WHAT YOU WILL DO
Identify and pull out each line of the entries in which "Audi" occurs.

*** DATA EXTRACT ***

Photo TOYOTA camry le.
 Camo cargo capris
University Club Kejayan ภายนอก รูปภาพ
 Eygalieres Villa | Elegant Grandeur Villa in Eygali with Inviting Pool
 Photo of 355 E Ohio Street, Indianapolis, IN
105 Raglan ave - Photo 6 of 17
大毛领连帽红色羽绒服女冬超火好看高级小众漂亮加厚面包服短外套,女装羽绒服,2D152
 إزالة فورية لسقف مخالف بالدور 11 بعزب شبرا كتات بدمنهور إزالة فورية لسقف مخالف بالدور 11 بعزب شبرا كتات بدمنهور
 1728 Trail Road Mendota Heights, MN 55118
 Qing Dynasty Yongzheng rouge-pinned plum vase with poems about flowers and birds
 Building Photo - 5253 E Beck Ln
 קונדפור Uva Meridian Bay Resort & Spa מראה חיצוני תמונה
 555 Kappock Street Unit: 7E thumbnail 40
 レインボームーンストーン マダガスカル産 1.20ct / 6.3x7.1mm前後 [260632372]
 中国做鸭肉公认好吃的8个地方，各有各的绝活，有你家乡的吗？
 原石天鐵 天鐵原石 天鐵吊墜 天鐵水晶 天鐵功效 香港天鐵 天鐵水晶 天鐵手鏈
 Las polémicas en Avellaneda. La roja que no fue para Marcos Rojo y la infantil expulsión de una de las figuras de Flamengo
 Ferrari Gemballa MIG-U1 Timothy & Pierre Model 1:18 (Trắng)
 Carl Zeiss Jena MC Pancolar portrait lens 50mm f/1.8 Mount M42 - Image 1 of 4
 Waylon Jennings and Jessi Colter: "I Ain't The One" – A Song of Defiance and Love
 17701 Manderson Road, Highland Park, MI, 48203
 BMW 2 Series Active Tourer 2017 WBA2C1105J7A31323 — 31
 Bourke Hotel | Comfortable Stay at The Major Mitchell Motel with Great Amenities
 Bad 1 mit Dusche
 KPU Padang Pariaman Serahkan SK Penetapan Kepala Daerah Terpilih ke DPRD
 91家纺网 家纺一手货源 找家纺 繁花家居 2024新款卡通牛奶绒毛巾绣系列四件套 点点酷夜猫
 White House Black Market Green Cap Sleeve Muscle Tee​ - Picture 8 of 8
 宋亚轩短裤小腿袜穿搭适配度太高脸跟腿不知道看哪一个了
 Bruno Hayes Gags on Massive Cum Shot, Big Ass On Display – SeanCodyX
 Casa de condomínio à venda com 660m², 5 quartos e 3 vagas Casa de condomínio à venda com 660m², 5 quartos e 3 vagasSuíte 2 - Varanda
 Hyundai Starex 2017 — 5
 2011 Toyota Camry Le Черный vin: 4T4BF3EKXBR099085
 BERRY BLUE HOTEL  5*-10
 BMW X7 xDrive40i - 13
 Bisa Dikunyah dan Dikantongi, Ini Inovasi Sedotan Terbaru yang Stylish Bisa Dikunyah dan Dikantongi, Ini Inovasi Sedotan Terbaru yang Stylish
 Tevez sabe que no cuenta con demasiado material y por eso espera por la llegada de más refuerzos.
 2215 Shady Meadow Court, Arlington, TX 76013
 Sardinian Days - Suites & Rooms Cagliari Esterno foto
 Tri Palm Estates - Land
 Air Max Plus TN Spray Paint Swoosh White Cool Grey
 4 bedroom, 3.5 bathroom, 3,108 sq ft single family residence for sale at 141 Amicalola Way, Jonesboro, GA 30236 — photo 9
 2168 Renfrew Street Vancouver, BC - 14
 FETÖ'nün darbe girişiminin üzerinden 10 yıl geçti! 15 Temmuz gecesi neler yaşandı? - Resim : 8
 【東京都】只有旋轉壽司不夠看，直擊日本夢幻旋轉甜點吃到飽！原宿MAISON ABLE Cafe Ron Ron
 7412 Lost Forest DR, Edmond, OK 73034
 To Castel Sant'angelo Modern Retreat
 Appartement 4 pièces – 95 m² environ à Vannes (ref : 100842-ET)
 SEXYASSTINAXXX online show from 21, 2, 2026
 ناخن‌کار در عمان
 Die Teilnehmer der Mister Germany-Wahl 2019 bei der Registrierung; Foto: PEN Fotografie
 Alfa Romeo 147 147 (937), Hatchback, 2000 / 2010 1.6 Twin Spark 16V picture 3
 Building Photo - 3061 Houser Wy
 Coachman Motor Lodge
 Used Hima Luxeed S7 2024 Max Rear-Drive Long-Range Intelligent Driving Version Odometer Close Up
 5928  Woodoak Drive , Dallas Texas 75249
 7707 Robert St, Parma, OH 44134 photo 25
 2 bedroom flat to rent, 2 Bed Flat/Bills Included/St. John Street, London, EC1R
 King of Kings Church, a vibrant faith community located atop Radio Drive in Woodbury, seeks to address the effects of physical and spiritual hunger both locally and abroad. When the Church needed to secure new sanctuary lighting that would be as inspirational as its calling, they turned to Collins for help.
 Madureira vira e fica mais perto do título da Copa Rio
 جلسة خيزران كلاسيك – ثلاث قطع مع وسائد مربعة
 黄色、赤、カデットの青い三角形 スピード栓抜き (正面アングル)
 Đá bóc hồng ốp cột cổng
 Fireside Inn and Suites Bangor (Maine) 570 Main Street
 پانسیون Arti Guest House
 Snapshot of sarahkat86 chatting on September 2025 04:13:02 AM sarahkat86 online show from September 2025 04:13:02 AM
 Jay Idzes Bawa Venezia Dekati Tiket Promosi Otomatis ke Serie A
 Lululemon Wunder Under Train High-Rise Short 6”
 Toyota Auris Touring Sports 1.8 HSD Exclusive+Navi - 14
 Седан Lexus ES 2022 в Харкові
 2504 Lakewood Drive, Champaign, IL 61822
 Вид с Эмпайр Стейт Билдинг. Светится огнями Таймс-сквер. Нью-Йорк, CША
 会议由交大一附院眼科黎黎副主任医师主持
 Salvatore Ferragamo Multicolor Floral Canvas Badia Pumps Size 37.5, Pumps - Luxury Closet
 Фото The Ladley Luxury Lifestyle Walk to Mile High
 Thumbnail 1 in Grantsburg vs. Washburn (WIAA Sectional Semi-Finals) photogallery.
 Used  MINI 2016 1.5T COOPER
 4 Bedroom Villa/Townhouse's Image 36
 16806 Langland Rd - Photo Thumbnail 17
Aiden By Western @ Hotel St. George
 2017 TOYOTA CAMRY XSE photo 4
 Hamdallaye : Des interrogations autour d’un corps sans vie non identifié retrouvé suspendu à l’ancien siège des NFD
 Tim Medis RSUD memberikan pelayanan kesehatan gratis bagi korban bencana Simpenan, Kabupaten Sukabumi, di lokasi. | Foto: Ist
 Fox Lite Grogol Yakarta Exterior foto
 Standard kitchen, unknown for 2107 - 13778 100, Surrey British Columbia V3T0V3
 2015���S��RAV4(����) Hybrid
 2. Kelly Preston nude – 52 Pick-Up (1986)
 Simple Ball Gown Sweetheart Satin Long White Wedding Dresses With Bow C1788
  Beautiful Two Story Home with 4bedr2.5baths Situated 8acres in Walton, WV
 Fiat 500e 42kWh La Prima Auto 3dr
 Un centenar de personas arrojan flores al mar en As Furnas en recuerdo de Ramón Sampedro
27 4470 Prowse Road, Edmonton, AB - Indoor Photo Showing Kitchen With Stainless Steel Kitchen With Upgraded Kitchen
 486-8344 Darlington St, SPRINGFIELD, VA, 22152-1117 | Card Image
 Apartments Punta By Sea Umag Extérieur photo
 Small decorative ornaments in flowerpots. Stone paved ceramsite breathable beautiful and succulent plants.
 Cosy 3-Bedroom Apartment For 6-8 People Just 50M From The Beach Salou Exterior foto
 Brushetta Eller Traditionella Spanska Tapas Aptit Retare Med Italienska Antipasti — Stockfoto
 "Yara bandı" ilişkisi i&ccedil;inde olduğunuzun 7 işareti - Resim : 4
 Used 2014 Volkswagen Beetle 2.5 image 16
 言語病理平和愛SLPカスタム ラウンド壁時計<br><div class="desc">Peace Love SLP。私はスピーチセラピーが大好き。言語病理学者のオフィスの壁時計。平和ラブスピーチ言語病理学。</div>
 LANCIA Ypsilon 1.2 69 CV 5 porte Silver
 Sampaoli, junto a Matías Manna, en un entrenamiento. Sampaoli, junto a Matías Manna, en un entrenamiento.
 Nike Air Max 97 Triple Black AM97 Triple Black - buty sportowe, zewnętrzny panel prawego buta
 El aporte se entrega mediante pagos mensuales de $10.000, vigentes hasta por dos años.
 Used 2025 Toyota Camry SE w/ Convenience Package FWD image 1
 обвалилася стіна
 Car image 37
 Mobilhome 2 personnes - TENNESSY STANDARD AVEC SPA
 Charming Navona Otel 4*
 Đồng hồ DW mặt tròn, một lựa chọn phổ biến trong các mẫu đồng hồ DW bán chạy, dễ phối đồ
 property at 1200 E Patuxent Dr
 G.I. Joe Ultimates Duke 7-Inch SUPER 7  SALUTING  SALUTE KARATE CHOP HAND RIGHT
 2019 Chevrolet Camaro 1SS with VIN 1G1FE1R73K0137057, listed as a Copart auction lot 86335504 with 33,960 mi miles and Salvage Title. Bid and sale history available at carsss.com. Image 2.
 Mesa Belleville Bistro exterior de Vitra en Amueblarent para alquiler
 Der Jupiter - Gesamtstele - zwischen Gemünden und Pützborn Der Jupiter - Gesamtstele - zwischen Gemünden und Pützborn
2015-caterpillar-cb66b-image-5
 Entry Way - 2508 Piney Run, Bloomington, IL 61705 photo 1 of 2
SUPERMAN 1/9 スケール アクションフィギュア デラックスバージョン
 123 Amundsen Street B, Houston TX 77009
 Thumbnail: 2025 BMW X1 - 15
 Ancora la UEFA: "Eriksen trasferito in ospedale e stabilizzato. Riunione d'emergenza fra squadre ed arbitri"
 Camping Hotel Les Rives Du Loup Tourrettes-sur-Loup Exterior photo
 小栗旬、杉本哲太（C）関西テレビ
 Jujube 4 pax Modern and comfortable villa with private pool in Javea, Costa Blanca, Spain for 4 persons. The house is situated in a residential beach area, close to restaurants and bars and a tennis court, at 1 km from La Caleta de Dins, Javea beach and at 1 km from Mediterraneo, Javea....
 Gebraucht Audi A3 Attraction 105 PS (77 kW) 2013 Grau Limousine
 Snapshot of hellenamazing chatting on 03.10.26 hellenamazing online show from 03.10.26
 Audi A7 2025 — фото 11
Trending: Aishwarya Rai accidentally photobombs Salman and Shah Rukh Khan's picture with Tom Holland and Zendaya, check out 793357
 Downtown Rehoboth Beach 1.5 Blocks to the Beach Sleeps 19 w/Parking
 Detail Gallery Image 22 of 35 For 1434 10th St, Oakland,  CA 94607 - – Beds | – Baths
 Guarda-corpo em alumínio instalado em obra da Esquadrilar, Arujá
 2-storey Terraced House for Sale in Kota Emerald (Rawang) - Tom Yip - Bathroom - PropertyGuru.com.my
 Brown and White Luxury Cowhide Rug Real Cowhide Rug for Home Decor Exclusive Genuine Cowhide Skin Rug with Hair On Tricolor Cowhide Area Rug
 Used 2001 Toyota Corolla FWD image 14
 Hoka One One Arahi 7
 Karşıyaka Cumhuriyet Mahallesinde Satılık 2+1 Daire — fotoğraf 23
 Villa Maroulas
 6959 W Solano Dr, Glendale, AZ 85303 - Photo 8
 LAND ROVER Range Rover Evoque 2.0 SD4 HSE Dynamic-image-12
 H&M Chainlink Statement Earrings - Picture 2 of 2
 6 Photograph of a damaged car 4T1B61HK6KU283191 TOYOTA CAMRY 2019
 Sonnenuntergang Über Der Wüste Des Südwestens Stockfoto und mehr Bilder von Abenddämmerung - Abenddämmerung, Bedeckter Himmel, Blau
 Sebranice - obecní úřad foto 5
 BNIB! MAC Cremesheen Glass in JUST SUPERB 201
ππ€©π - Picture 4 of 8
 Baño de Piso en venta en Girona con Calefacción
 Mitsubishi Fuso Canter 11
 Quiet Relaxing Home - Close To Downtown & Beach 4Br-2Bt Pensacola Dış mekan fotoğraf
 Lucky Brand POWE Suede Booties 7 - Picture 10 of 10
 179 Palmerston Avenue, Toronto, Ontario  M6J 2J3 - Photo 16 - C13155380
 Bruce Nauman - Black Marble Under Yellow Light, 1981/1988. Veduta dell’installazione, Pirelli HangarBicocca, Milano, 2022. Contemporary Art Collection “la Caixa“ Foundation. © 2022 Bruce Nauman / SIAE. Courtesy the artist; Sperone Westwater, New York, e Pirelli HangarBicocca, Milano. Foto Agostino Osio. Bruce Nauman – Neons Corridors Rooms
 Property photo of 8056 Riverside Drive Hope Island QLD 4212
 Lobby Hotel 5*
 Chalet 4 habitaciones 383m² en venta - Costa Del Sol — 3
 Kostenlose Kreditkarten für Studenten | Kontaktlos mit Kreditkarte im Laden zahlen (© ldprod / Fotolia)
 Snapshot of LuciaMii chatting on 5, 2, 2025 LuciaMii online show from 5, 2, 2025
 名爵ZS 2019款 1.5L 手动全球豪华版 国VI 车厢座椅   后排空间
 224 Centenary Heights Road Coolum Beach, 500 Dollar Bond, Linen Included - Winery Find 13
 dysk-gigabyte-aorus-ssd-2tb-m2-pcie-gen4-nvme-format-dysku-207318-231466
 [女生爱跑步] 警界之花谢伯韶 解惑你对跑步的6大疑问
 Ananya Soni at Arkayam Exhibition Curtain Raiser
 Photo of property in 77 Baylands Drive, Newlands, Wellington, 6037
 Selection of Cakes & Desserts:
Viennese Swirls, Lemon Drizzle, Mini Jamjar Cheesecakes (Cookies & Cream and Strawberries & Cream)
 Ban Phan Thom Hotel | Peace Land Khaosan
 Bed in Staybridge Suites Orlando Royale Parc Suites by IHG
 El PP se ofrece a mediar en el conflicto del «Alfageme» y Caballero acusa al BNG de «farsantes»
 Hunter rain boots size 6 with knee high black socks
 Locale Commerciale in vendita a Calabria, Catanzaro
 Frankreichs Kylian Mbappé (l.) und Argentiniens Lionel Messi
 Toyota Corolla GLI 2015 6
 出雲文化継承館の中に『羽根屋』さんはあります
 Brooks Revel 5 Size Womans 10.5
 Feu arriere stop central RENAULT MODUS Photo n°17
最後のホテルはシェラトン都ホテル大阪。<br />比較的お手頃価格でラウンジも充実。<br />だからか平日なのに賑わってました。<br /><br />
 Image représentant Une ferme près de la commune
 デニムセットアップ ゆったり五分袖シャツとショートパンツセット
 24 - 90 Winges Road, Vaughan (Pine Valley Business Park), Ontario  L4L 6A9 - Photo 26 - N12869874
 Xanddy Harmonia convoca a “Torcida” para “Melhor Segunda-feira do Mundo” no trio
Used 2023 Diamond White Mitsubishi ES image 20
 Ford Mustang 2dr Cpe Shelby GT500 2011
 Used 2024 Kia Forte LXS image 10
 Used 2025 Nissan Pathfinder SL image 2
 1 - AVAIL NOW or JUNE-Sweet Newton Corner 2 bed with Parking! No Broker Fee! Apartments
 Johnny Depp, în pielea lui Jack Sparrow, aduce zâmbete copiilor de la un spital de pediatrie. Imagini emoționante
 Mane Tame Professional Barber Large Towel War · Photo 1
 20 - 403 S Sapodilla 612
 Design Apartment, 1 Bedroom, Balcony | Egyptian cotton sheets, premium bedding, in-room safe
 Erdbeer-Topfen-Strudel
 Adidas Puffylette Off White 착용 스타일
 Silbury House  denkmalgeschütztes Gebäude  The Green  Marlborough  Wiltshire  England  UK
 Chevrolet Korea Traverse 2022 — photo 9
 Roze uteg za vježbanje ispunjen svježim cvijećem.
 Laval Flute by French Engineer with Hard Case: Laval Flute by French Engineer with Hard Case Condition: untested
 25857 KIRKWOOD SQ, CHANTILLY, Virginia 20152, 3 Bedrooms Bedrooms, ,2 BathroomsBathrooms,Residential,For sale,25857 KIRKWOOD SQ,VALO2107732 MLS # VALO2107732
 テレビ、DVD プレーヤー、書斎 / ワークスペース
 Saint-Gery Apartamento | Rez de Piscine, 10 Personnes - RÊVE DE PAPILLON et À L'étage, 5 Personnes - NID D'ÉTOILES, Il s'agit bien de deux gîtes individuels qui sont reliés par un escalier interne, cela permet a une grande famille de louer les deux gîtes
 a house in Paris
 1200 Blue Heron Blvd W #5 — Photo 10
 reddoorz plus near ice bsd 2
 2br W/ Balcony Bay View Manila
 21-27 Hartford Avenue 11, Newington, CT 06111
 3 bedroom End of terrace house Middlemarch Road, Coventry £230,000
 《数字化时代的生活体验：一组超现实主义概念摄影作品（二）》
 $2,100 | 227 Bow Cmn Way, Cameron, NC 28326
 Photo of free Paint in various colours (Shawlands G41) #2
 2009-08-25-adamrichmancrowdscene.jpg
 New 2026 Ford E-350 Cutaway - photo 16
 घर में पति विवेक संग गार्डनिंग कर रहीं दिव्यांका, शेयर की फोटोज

*** End of DATA EXTRACT ***

SOLUTION
 Gebraucht Audi A3 Attraction 105 PS (77 kW) 2013 Grau Limousine
 Audi A7 2025 — фото 11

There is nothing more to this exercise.